I once made the mistake, at a luncheon of academic types, of saying “childhood” and “loss.”  I cringe now, remembering.  Not that fiction can’t be about big themes, childhood and loss among them, but for a writer to define her own work that way?  I might as well have said Life or Truth or Beauty.  Chalk it up to grad school; I was drafting my aesthetic statement, a required part of every master’s thesis, at the time.

But now, if someone asks me what my fiction is about, after I try to change the subject, I describe the characters instead.
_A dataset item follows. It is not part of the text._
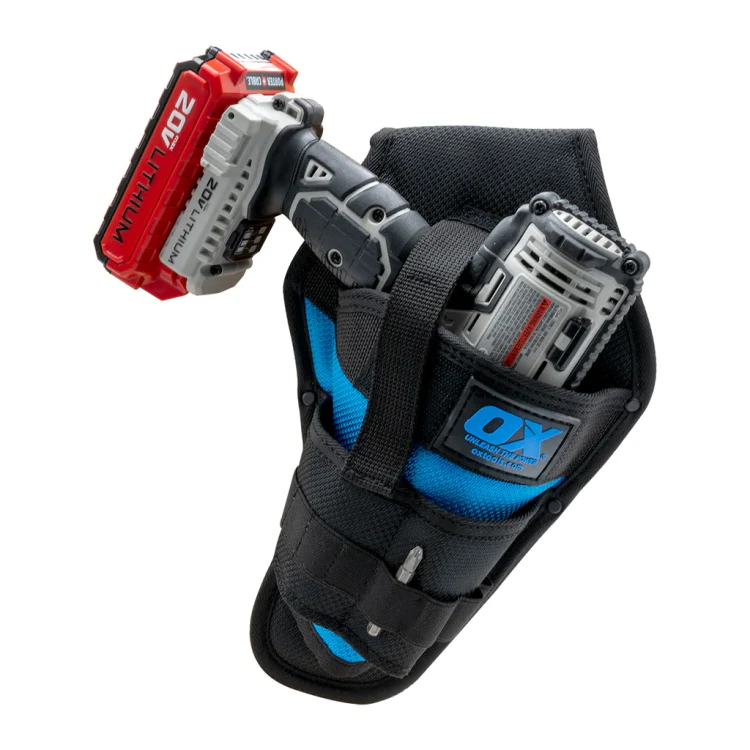 OX Pro Dynamic Nylon Holster Pouch for Cordless Drill/Driver - Image 2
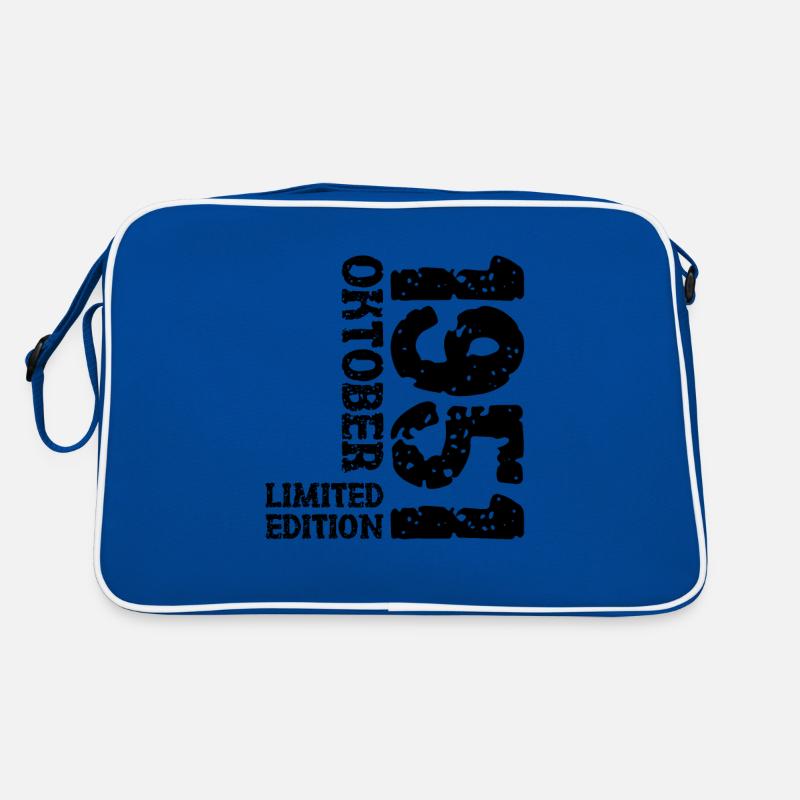 1951 octobre édition limitée 72e anniversaire décoration Sac Retro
A girl in 1969 who doesn’t want the astronauts to land on the moon.  A woman getting crank calls from her married lover’s daughter.  A drug addict who follows a stranger on the street, thinking that she’s his sister.  A woman who kidnaps her own son and moves to a new town to start over.

It’s much, much easier to do this, by the way, for work that is finished and much harder for work that is still being formed.  In fact, I think it’s even dangerous to define work that’s still being formed, sort of akin to the Jewish custom of not bringing any new baby furniture into the house until the baby is born healthy and safe.

Recently I was asked why my novel features a kidnapping.  Had I thought about what that might say about my own life?  No, nor did I particularly want to.  Talking about my work jinxes the creative process, silences the intuition.  Thinking too much about what my fiction means makes me squirm.  Once it’s written and looking for a home, then I’ll have to formulate a marketing pitch, but not yet.

One of my happiest moments as a writer happened during a workshop.  In the story, “Away from Trees,” a young archeologist who is mourning her brother’s sudden death visits a ghost town in the Eastern Sierra, where the town’s only building made of brick is the court house.  Her dead brother’s name is Court.  I did not plan that connection. I didn’t even realize it, until someone said, “I love the way the only building not falling apart is the courthouse.  Such an important symbol the writer planted.”  But I hadn’t–at least not consciously.

Wallace Stegner wrote that the guts of any significant fiction is an anguished question.  If we knew the answer, we wouldn’t need to write the thing in the first place.  And yet, of course, once we’ve started writing any piece of fiction, we have some idea of what it’s “about.”  To pretend otherwise is disingenuous, false.  But I’m writing today to celebrate the not knowing, the questions, the anguish.

I’m working on the umpteenth revision of a novel.  I’ve kept every earlier draft, so many I can’t even keep track of which came when.  (How hard could it have been to have jotted a date on the first page? But I didn’t.)  I’ve had long periods away—but I’ve always come back, I suppose, because that inchoate question still hounds me.  As a reviser, I tend to overvalue the small detail, the turn of phrase, the re-arranged syntax.  This time, I’m looking more at the larger issues:  What is this scene accomplishing?  What’s changed in these ten pages?  Where’s the urgency here?

What about you?  Does asking the anguished question help or hinder?  What has jinxed or helped your intuition?